REGGIO CALABRIA Al netto di qualche riduzione di pena, è una conferma rotonda dell’impianto accusatorio già avvalorato dalla sentenza del primo grado, quella decisa dalla Corte d’Appello di Reggio Calabria per il processo Epilogo, scaturito dall’inchiesta che ha individuato e fermato le nuove leve dei Serraino. Un clan – hanno svelato i processi – in grado di rigenerarsi dopo gli arresti e la morte dei capi storici, affidando le proprie sorti al cosiddetto “banco nuovo”. Giovanissimi ma feroci esponenti della storica cosca della montagna, tutti gli imputati anche in Appello sono stati condannati a pene che rimangono pesanti, nonostante le riduzioni.

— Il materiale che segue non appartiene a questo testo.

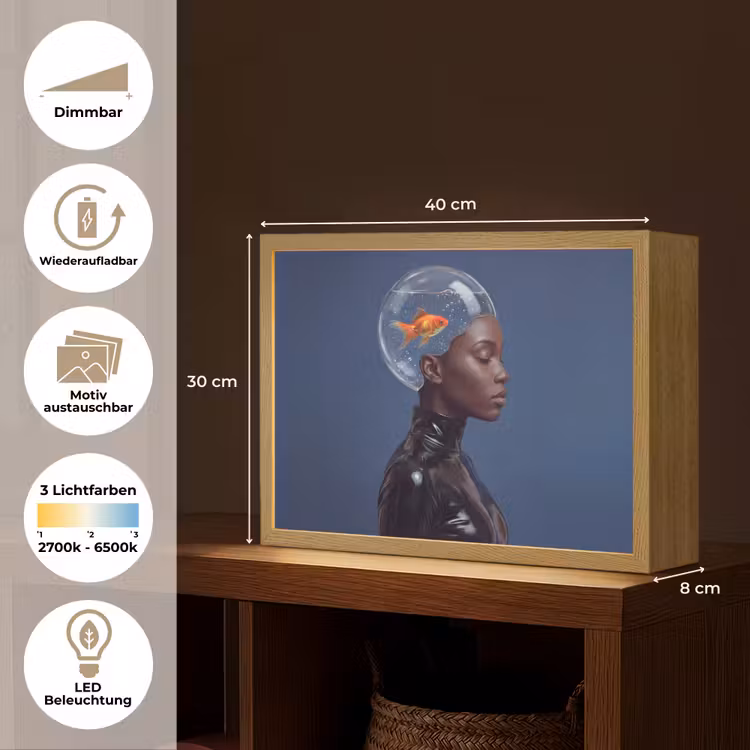 Vrouw - Goudvis - Hoofd - Abstract - Blauw Light Box met batterij (Wandlamp) middel -USP_websiteoverzichtDE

Passa da 18 a 13 anni di carcere Alessandro Serraino, considerato il vertice del clan, mentre è di 15 anni e 6 mesi la pena inflitta al suo braccio destro, Fabio Giardiniere, in primo grado punito con 26 anni di carcere. Incassa invece 11 anni e 6 mesi Maurizio Cortese, in precedenza condannato a 23 anni e 8 mesi, mentre per il vecchio boss Demetrio Serraino, punito in primo grado con 18 anni, la pena disposta dai giudici dell’Appello è di 12 anni. Nove anni sono andati ad Antonio Alati, in precedenza condannato a 15 anni, mentre 10 anni e 6 mesi di detenzione sono stati disposti per Giovanni Siclari, in primo grado punito con 13. Infine 10 anni sono andati a Francesco Tomasello, in precedenza condannato a 15 anni.
L’INCHIESTA Accogliendo in pieno l’impianto accusatorio, anche per i giudici della Corte d’Appello è questo il “banco nuovo” con cui il clan della montagna puntava a ricostruire il proprio impero, dunque è questo il vivaio da estirpare per spezzare la continuità criminale che ha fatto sì che alla sbarra ci siano i diretti discendenti di quella cosca Serraino, più e più volte condannata in precedenti dibattimenti.
UN CLAN STORICO E SEMPRE ATTIVO Anche per la Corte dunque, la famiglia mafiosa del clan della montagna ha continuato a sfornare nuovi eredi che si sono posti in assoluta linea di continuità con la strada perseguita da nonni, zii, padri. Eredi il cui percorso criminale può essere interrotto solo con condanne adeguate alla pericolosità sociale di aggregazioni – aveva spiegato Lombardo in primo grado – paragonabili a cellule terroristiche. I componenti del “banco nuovo” – è emerso dal dibattimento di primo grado – non sono vittime di contesti degradati o di un’educazione sbagliata, sono ragazzi che si muovono in un contesto di tipo mafioso che hanno pienamente accettato.
LA LEGGE DEI SERRAINO Conclusioni pienamente accettate già dai giudici del primo grado che in sede di motivazione avevano sottolineato: «Nessun evento delittuoso poteva consumarsi a Cardeto e dintorni senza che vi fosse il preventivo assenso della cosca Serraino», e allo stesso modo «solo le imprese che ricevevano l’avallo dei Serraino potevano lavorare in quelle zone». Dati che emergono chiaramente dalla viva voce dei protagonisti dell’indagine e dimostrano – si legge nella sentenza – «come la cosca Serraino fosse un unicum operante, secondo quanto già visto, nel territorio di Cardeto e zone limitrofe (ramo al quale appartengono gli odierni imputati Alati Antonino e Serraino Demetrio) e attiva, altresì, nel territorio di San Sperato attraverso le “giovani leve”, in gran parte imputati nel presente procedimento (Giardiniere Fabio Antonino, Cortese Maurizio, Tomasello Francesco e Siclari Giovanni). Discorso a parte merita Serraino Alessandro, trait d’union tra le giovani reclute e il ceppo storico di Cardeto, riconosciuto al vertice della cosca per diretto volere di Serraino Domenico, del quale ha ereditato la posizione di comando».